La prima lettura che è stata proclamata (Gb 19,1.23-27) esprime la fede della Chiesa nella Risurrezione di Geù e nostra, insieme con lui: ‘Io so che io mio Redentore è vivo e che, ultimo si ergerà sulla polvere! Dopo che questa mia carne sarà distrutta’vedrò Dio. Io lo vedrò, io stesso, e i miei occhi lo contempleranno non da straniero’.

 

La nostra Risurrezione con Gesù Risorto è la fede della Chiesa ed è la nostra fede. Essa illumina di speranza il nostro futuro e dà senso al nostro vivere quotidiano, che non va verso la fine di tutto, ma verso ‘l’incontro‘ con Colui che raccoglierà tutti i frammenti della nostra vita e ci renderà partecipi della sua stessa felicità.

 

La seconda lettura, tratta dalla lettera dell’Apostolo Paolo ai cristiani di Roma (Rm 5,5-11), proclama la grande verità dell’amore gratuito di Dio: ‘Dio dimostra il suo amore verso di noi perché, mentre eravamo ancora peccatori, Cristo è morto per noi‘.

 

Nessuno ha meritato l’amore con cui il Padre ci ha amati in Cristo: noi siamo amati da Dio ‘gratuitamente‘ e, proprio per la gratuità di questo amore, non condizionato dai nostri meriti, noi siamo amati ‘sempre’: anche quando gli voltiamo le spalle, Dio non smette di chiamarci e di amarci.

 

Per questo la nostra speranza non teme delusioni: perché l’amore di Duo è stato riversato nei nostri cuori per mezzo dello Spirito Santo che ci è stato dato.

 

L’amore di Dio richiede però la nostra risposta: una risposta a sua volta aiutata e sorretta dalla grazia stessa con cui siamo amati.
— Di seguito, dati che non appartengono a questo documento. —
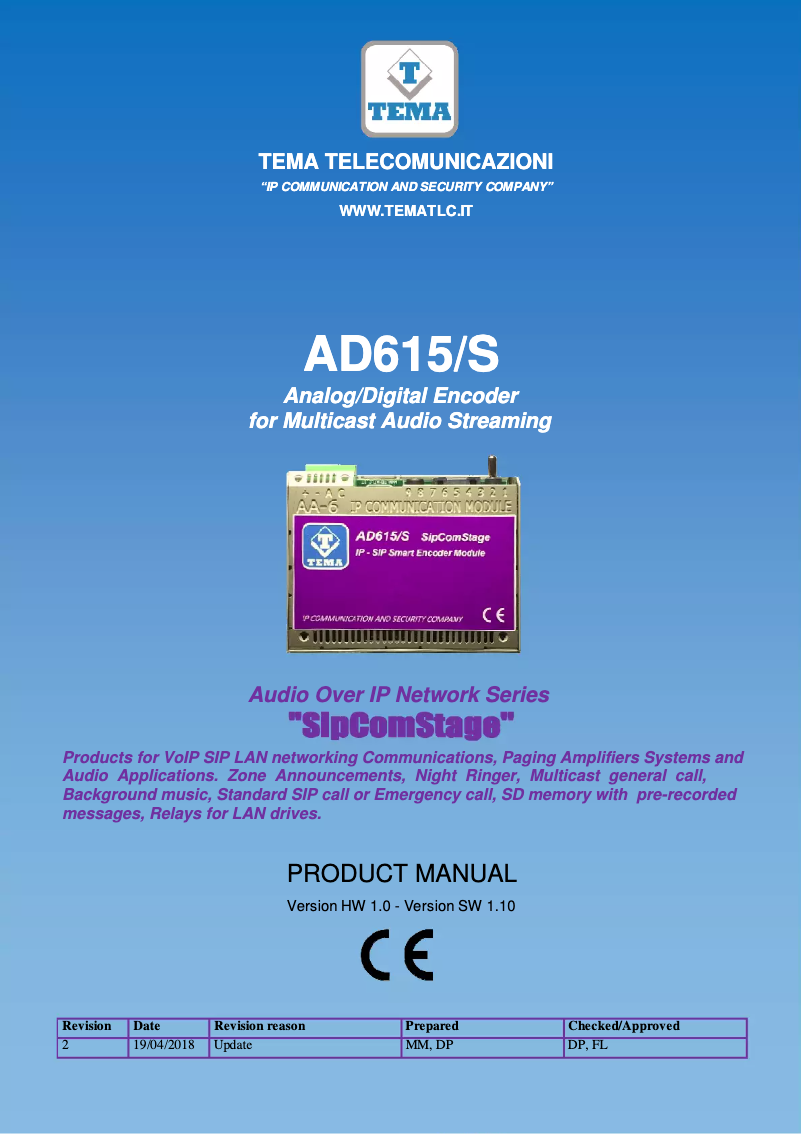 First page image of the manual for AD615/S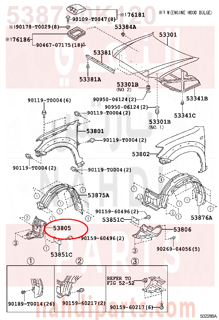 538750K120,SHIELD SUB-ASSY, FRONT FENDER SPLASH, RH,بطانة رفرف أمامي يمين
Dio ci ama e ci dona l’amore con cui rispondere alla sua gratuità.

 

 

Il Vangelo ho proclamato le beatitudini: ‘Beati i poveri in spirito, perché di essi è il regno dei cieli. Beati gli afflitti’Beati i miti” (Mt 5,1-12).

 

Le beatitudini sono come il velario in cui vorremmo avvolgere la vita di Don Mario. ‘Beati‘ è una parola che Dio solo può pronunciare con verità. Chi è veramente beato se non colui che Dio proclama tale? Chi può essere, se non Dio stesso, la beatitudine dell’uomo fatto ad immagine di Dio, di un uomo il cui cuore è polarizzato verso Dio al punto da essere inquieto finché non riposa in Lui?

 

Ecco io penso alle Beatitudini come alla carezza di Dio sui suoi figli più cari, quelli che non hanno niente su cui appoggiarsi e di cui vantarsi se non il fatto che Dio li guarda con amore e si fa lui stesso loro garante.

 

Ricordo le volte in cui, il 14 luglio, io presiedevo agli Alberoni la festa di San Camillo. Don Mario era presso l’altare, in carrozzella, con la stola sacerdotale. Io gli andavo vicino, gli davo un bacio, gli facevo una carezza ed egli sorrideva senza dire una parola: ‘Beato‘ per la carezza di Dio.

 

 

Abbiamo appena terminato di celebrare i misteri del Natale: sabato era la festa dell’Epifania; ieri abbiamo celebrato il Battesimo di Gesù. Fra l’Epifania e il Battesimo di Gesù scorrono circa trent’anni: nel più assoluto silenzio.

 

Uomini dell’efficienza che non perdono un minuto, ci verrebbe da pensare che sono anni sprecati. Ma è possibile che ci siano anni inutili nella vita del Figlio di Dio fatto uomo? O nascondono essi ‘il mistero di Dio’, che ‘solo‘ basta e riempie la vita?

 

Dio parla dal silenzio; ciò che conta è fare, non questo o quello, ma la sua volontà. Anche la povertà, in tutti i sensi, ha valore nella fede del Figlio di Dio che, ‘da ricco che era si è fatto povero perché noi diventassimo ricchi per mezzo della sua povertà'(2 Cor 8,9).

 

A me piace leggere la vita di Don Mario, il suo lungo silenzio, il suo esprimersi solo col sorriso, in questo mistero di Nazaret, imprescindibile per capire il dono del Figlio di Dio incarnato.

 

 

E’ ora ormai di chiudere la nostra meditazione per affidare al Padre questo nostro fratello. Invochiamo la Santa Madre di Gesù, gli Angeli i Santi perché gli vengano incontro e lo accompagnino festosi in Paradiso.

 

Lui preghi per noi e ci attenga la consegna piena di noi stessi alla volontà di Dio e la grazia di dar senso anche ad ogni nostra sofferenza, di sorridere come lui ai giorni come Dio ce li dona.

 

Alla cognata Maria che lo ha assistito giorno per giorno con amore come potrebbe fare una mamma, ai Padri Camilliani che gli hanno offerto una Casa dove serenamente è vissuto pur nelle sue gravi difficoltà, ai confratelli che lo hanno visitato vadano in questo momento la gratitudine del nostro Patriarca e dell’intero presbiterio diocesano.

 

Ai parenti tutti le nostre più sentite condoglianze.